For a breakdown of these charges, the consumer then must click on an additional
link for “more information,” which listed a “Passenger Usage Fee” alongside
government taxes and fees. Plaintiffs alleged that this placement was a
coordinated effort to conceal the true nature of the fee by leading customers to
believe that it was an official government tax or sanctioned fee.
The complaint listed seven named plaintiffs with the approximate dates on
which they had purchased tickets and (for most of them) the amount they were
charged for the Passenger Usage Fee. According to plaintiffs, Spirit committed
mail and wire fraud when it used the internet to advertise and engage in sales with
the deceptive inclusion and placement of the Passenger Usage Fee. The complaint
also generally asserted that the plaintiffs and other members of the proposed class
“were harmed in that they relied to their detriment on Spirit’s conduct and, as a
result, needlessly incurred excessive and unconscionable [Passenger Usage Fees].”

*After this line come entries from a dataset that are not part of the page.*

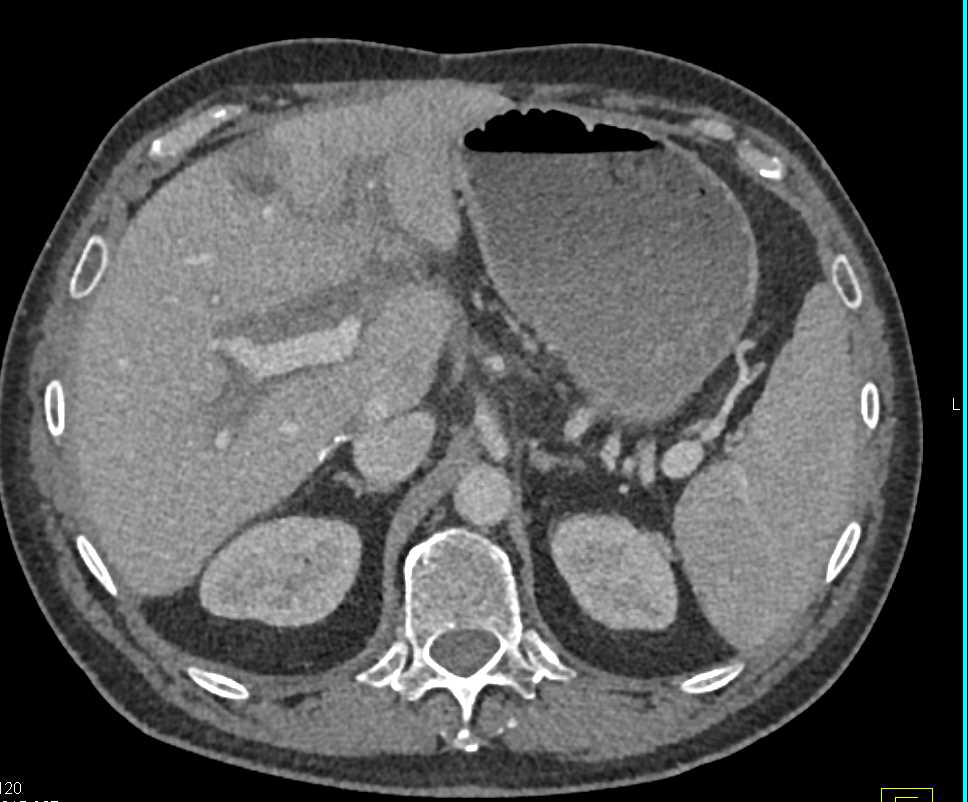Intravenous Drug Abuse (IVDA) with Abscess in Arm and Poor Function Left Kidney - CTisus CT Scan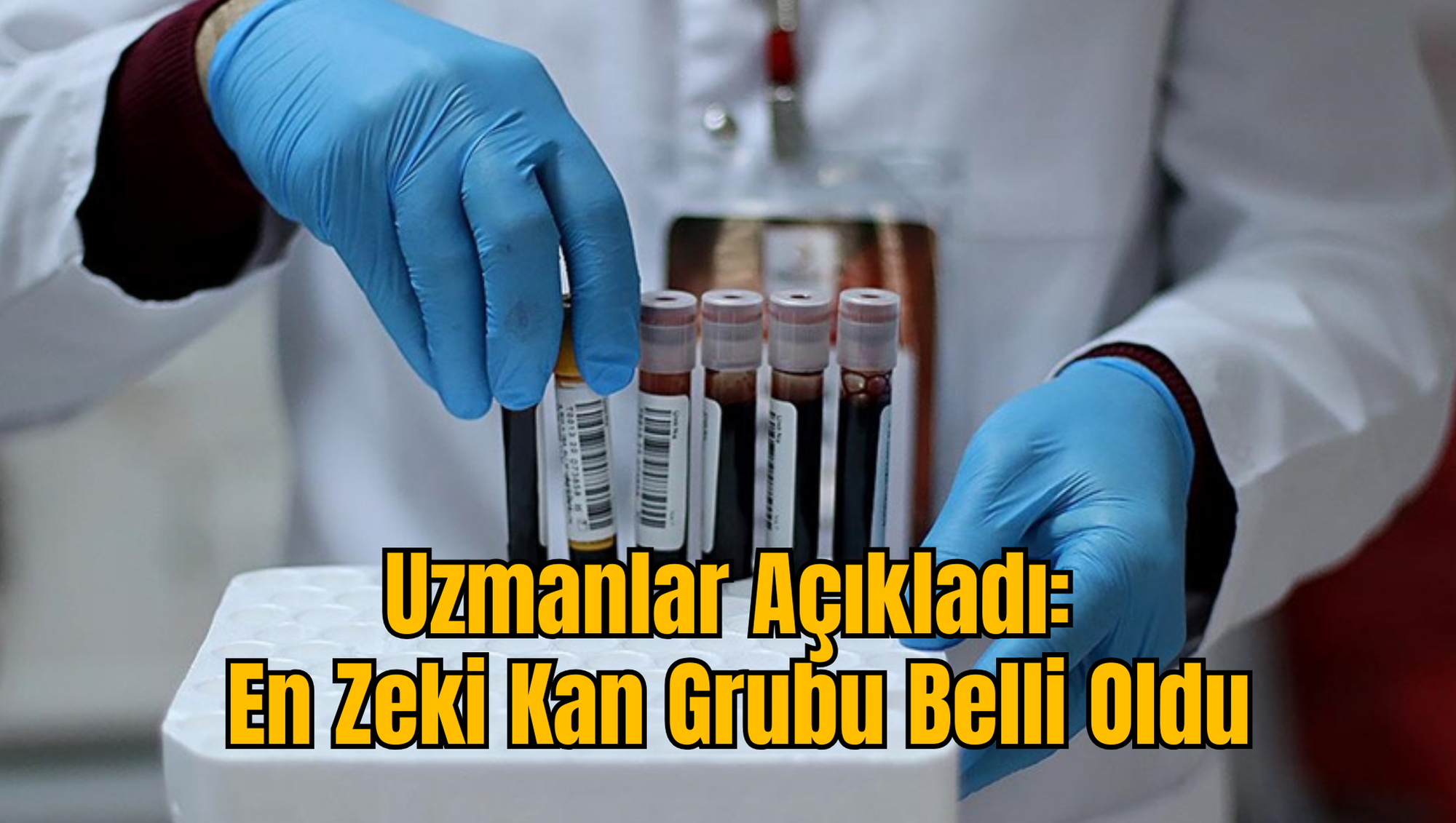 Uzmanlar Açıkladı: En Zeki Kan Grubu Belli Oldu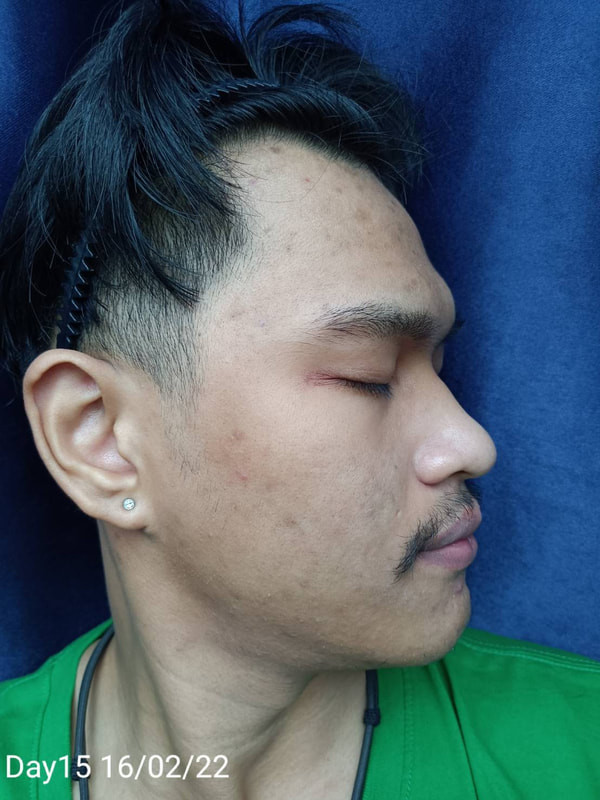 maXkin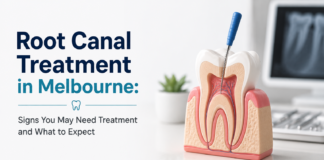 Root Canal Treatment in Melbourne: Signs You May Need Treatment and What to Expect Root Canal Treatment in Melbourne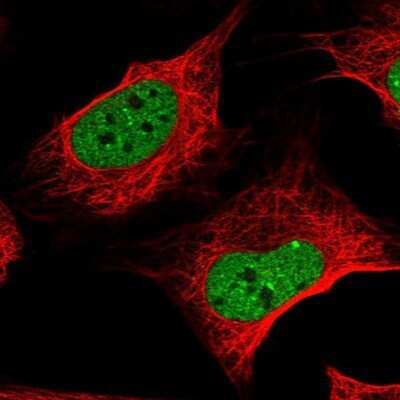 Immunocytochemistry/ Immunofluorescence: Zinc finger protein 470 Antibody [NBP1-84324]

The complaint further alleged that Spirit engaged in this fraudulent activity
while associated with, operating, or controlling a RICO enterprise. The enterprise
allegedly consisted of Spirit itself, along with two of its corporate officers and a
variety of outside consultants (both individual and corporate) who provided
various services for Spirit. Specifically, the enterprise was said to consist of: (1)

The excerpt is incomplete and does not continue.